(Records excerpted from a collection)
════════════════════

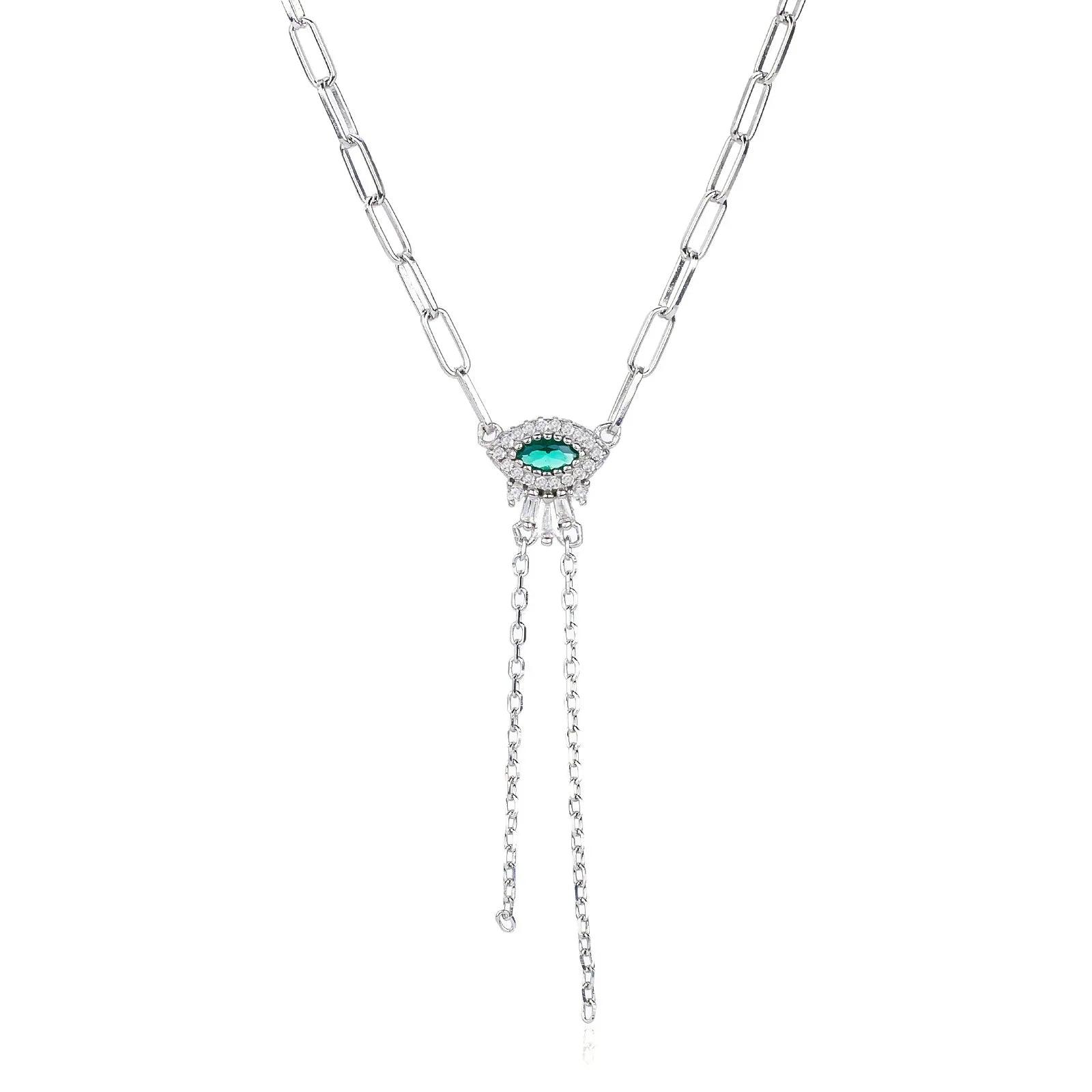 שרשרת עניבה נופלת כסף 925 – אלגנטיות מודרנית - | Kalimira Jewelry | תכשיטי כסף Kalimira | إكسسوارات فضة Kalimira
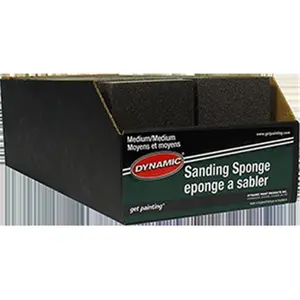 Dynamic AG002608 Medium & Medium Sanding Sponge Display Box - Pack of 24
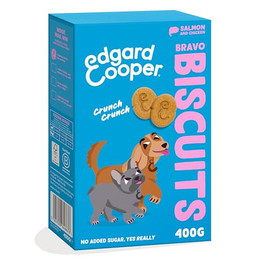 Produktbild von Edgard & Cooper Bravo Biscuits Lachs und Huhn - 7 x 400 g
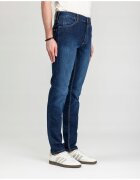 Mustang Мъжки дънки Style Tramper Tapered Slim Fit Средна талия Дълги 5 джоба Цип Памук Син Син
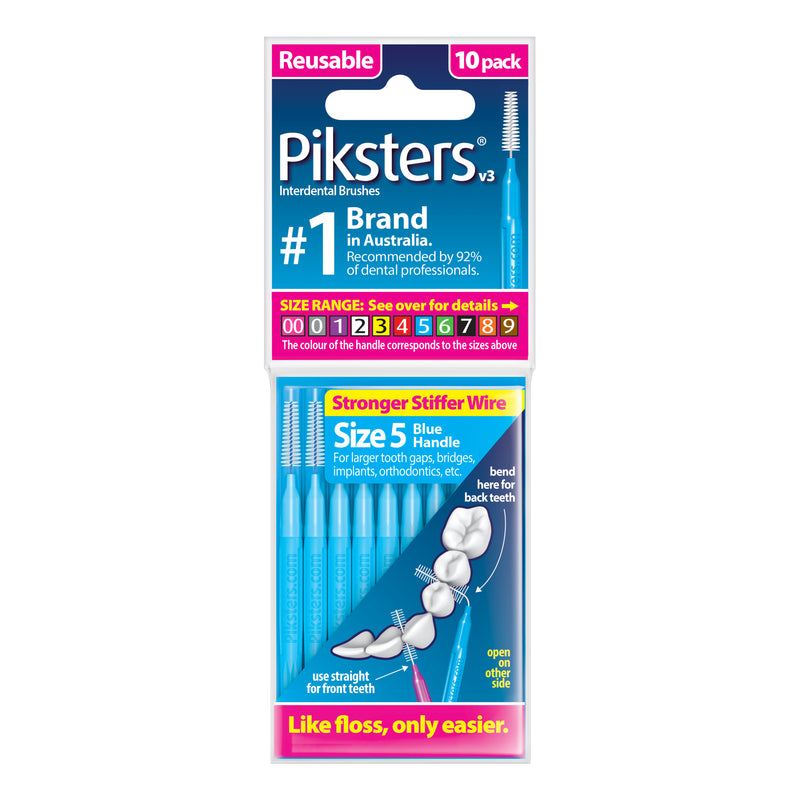 Piksters Interdental Brushes Size 5 Blue 10pk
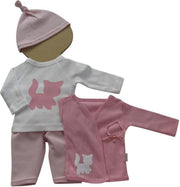 Amelius Meisjeskledingset - Wit / Babyroze - Maat 40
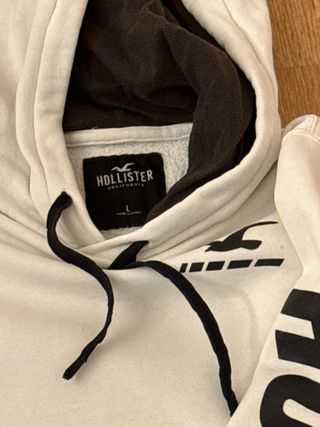 Sudadera Hollister Blanca Talla L. Original 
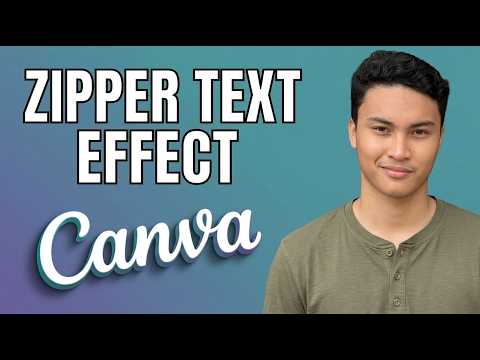 How to Create Perspective Text With Zipper Effect in Canva [2026 Tutorial for Beginners]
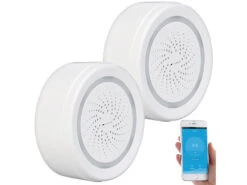 VisorTech Elesion Sirene:2er-Set Alarm-Sirene Mit WLAN & App, Komp. Zu Alexa & Google Assistant 17 VisorTech Elesion Sirene:2er-Set Alarm-Sirene Mit WLAN & App, Komp. Zu Alexa & Google Assistant -Einrichtungsgeschäft nx1398 17
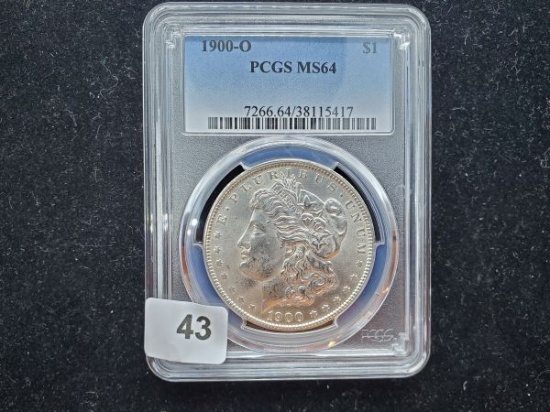 PCGS 1900-O Morgan Dollar in MS-64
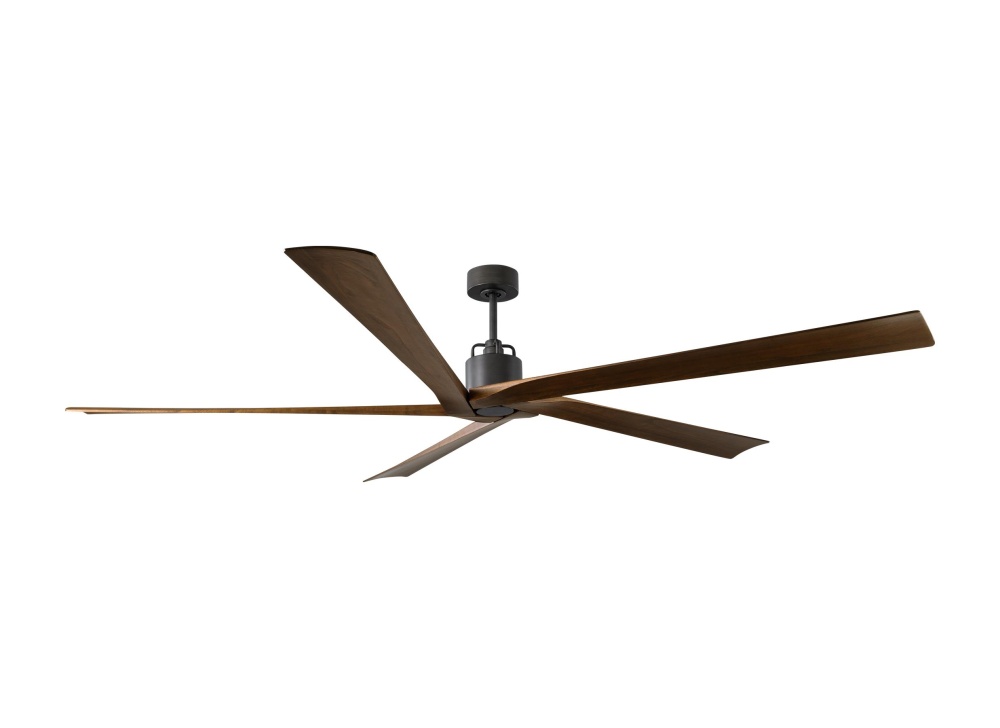 Aspen 84 Ceiling Fan in Aged Pewter with Dark Walnut Blades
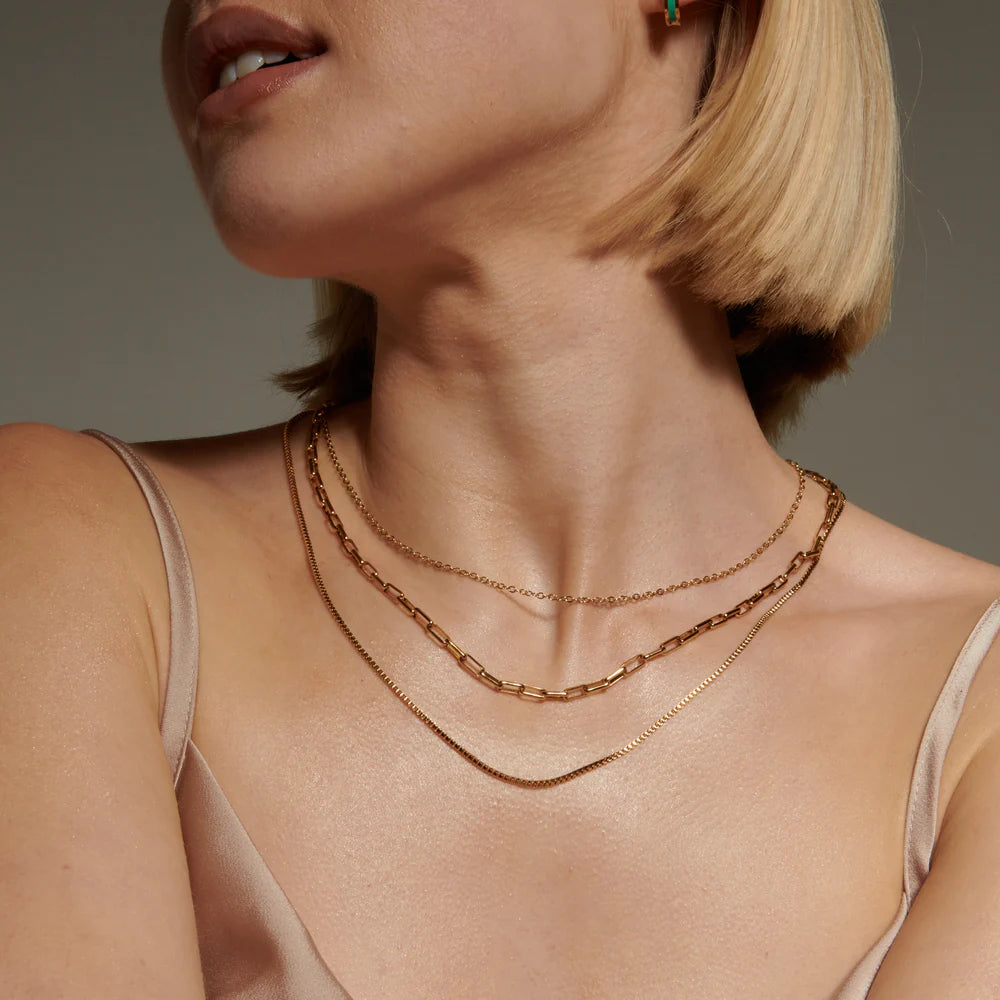 Tessic Three Layered Choker Necklace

════════════════════

Problem statement
The answer must be the part of the records that opens with the line containing "Produktbild von Edgard" and closes with the line containing "How to Create", reproduced exactly, with no pictures.

Result below
 Produktbild von Edgard & Cooper Bravo Biscuits Lachs und Huhn - 7 x 400 g
 Mustang Мъжки дънки Style Tramper Tapered Slim Fit Средна талия Дълги 5 джоба Цип Памук Син Син
 Piksters Interdental Brushes Size 5 Blue 10pk
 Amelius Meisjeskledingset - Wit / Babyroze - Maat 40
 Sudadera Hollister Blanca Talla L. Original 
 How to Create Perspective Text With Zipper Effect in Canva [2026 Tutorial for Beginners]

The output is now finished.